◆ **EXERCISE OBJECTIVE**
From first line to last, copy the material below exactly.

◆ **SOURCE MATERIAL**
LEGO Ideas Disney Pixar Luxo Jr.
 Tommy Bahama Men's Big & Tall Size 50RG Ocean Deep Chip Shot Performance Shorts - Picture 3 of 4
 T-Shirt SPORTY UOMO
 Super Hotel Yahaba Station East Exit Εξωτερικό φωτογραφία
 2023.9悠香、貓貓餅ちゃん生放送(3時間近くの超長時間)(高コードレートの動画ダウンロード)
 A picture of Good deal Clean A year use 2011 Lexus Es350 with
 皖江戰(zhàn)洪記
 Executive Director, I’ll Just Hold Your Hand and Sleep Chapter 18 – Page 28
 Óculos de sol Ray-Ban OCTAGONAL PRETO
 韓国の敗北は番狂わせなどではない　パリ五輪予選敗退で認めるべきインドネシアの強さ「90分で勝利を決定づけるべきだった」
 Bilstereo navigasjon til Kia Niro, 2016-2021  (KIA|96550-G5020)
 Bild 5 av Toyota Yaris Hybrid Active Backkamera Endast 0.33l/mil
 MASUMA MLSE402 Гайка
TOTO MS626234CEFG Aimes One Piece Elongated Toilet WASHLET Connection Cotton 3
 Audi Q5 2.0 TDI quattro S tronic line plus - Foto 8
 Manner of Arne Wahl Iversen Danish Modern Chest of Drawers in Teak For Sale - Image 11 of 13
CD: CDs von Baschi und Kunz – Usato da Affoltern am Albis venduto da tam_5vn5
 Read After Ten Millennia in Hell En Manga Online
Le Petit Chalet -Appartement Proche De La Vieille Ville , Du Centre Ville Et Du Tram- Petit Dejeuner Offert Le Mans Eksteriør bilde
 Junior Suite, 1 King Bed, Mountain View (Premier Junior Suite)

◆ **EXERCISE RESPONSE**
LEGO Ideas Disney Pixar Luxo Jr.
 Tommy Bahama Men's Big & Tall Size 50RG Ocean Deep Chip Shot Performance Shorts - Picture 3 of 4
 T-Shirt SPORTY UOMO
 Super Hotel Yahaba Station East Exit Εξωτερικό φωτογραφία
 2023.9悠香、貓貓餅ちゃん生放送(3時間近くの超長時間)(高コードレートの動画ダウンロード)
 A picture of Good deal Clean A year use 2011 Lexus Es350 with
 皖江戰(zhàn)洪記
 Executive Director, I’ll Just Hold Your Hand and Sleep Chapter 18 – Page 28
 Óculos de sol Ray-Ban OCTAGONAL PRETO
 韓国の敗北は番狂わせなどではない　パリ五輪予選敗退で認めるべきインドネシアの強さ「90分で勝利を決定づけるべきだった」
 Bilstereo navigasjon til Kia Niro, 2016-2021  (KIA|96550-G5020)
 Bild 5 av Toyota Yaris Hybrid Active Backkamera Endast 0.33l/mil
 MASUMA MLSE402 Гайка
TOTO MS626234CEFG Aimes One Piece Elongated Toilet WASHLET Connection Cotton 3
 Audi Q5 2.0 TDI quattro S tronic line plus - Foto 8
 Manner of Arne Wahl Iversen Danish Modern Chest of Drawers in Teak For Sale - Image 11 of 13
CD: CDs von Baschi und Kunz – Usato da Affoltern am Albis venduto da tam_5vn5
 Read After Ten Millennia in Hell En Manga Online
Le Petit Chalet -Appartement Proche De La Vieille Ville , Du Centre Ville Et Du Tram- Petit Dejeuner Offert Le Mans Eksteriør bilde
 Junior Suite, 1 King Bed, Mountain View (Premier Junior Suite)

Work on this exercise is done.